# Grounding of 400a residential service /dual meters/one disconnect outside and one inside



## Steve46 (4 mo ago)

I had a single 200a service that had a 200a disconnect located outside by meter. Grounding was done at disconnect outside, #6 to ground rod and #4 to water main. I have upgraded to 400a, and replaced single meter with a dual meter enclosure and added a 200a main breaker panel indoors for separate unit. I am not under 2020 code, so disconnect is in panel itself indoors, directly behind meter. So basically the outside has 2 meters and one disconnect only for original panel. Since existing outside disconnect was grounding properly already, I will left this alone. I was thinking to just ground the new main breaker panel separately, the same way, #6 to ground rod and #4 to water main. Is this done properly? I guess what I am asking is if it is ok to have one disconnect outside for the existing panel and the other panel having its disconnect indoors and all grounding the way I had explained, assuming of course no adoption of the 2020 code as of now? This is just a house, not a condo or anything. Thanks. Steve.


----------



## Almost Retired (Sep 14, 2021)

Steve46 said:


> I had a single 200a service that had a 200a disconnect located outside by meter. Grounding was done at disconnect outside, #6 to ground rod and #4 to water main. I have upgraded to 400a, and replaced single meter with a dual meter enclosure and added a 200a main breaker panel indoors for separate unit. I am not under 2020 code, so disconnect is in panel itself indoors, directly behind meter. So basically the outside has 2 meters and one disconnect only for original panel. Since existing outside disconnect was grounding properly already, I will left this alone. I was thinking to just ground the new main breaker panel separately, the same way, #6 to ground rod and #4 to water main. Is this done properly? I guess what I am asking is if it is ok to have one disconnect outside for the existing panel and the other panel having its disconnect indoors and all grounding the way I had explained, assuming of course no adoption of the 2020 code as of now? This is just a house, not a condo or anything. Thanks. Steve.
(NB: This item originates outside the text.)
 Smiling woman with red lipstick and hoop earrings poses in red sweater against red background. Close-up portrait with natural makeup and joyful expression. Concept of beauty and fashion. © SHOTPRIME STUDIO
you are asking the wrong people 
ask your inspector
the better ones choose to help rather than hurt

if yours isnt like that, keep in mind that overkill may not be enough to please him

you also need to look up your poco "customer installation standards" usually found on their website
my poco requires #4 cu GEC for 200A
in my area ..... if you replaced the meter base, the whole job will be considered new construction
and every last bit of it will need to meet current code and poco specs


----------



## SWDweller (Dec 9, 2020)

Adding my POCO does not all allow 2 meters of the same voltage to the same property. Unless they are for an apartment and the meters paid by different people.
Did you consult with the POCO and AHJ before you wandered down this path?


----------



## u2slow (Jan 2, 2014)

And to add to @SWDweller... is your zoning/municipality even allowing a 2nd occupancy?


----------



## LGLS (Nov 10, 2007)

Steve46 said:


> I had a single 200a service that had a 200a disconnect located outside by meter. Grounding was done at disconnect outside, #6 to ground rod and #4 to water main. I have upgraded to 400a, and replaced single meter with a dual meter enclosure and added a 200a main breaker panel indoors for separate unit. I am not under 2020 code, so disconnect is in panel itself indoors, directly behind meter. So basically the outside has 2 meters and one disconnect only for original panel. Since existing outside disconnect was grounding properly already, I will left this alone. I was thinking to just ground the new main breaker panel separately, the same way, #6 to ground rod and #4 to water main. Is this done properly? I guess what I am asking is if it is ok to have one disconnect outside for the existing panel and the other panel having its disconnect indoors and all grounding the way I had explained, assuming of course no adoption of the 2020 code as of now? This is just a house, not a condo or anything. Thanks. Steve.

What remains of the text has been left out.